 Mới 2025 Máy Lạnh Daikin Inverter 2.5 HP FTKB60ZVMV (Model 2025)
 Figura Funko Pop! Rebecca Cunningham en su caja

---

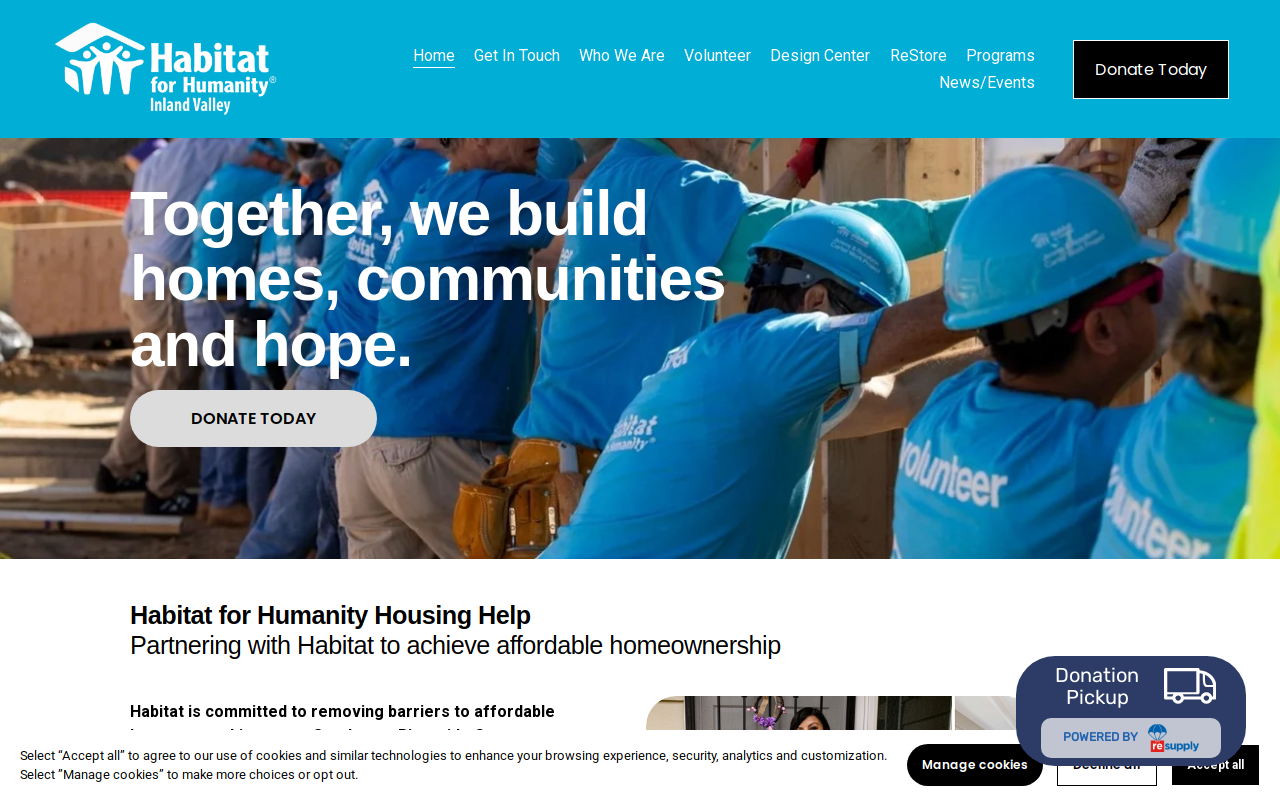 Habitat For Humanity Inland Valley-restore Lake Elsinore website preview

* * *

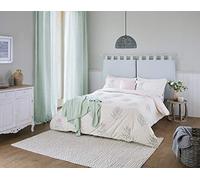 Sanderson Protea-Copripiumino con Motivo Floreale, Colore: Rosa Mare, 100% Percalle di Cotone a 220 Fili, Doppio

ABOUT THIS EXERCISE:
Everything from the line with "Mới 2025 Máy" through the line with "Figura Funko Pop!" should be written out exactly as it appears above, end lines included, and nothing outside that range.

TASK SOLUTION:
 Mới 2025 Máy Lạnh Daikin Inverter 2.5 HP FTKB60ZVMV (Model 2025)
 Figura Funko Pop! Rebecca Cunningham en su caja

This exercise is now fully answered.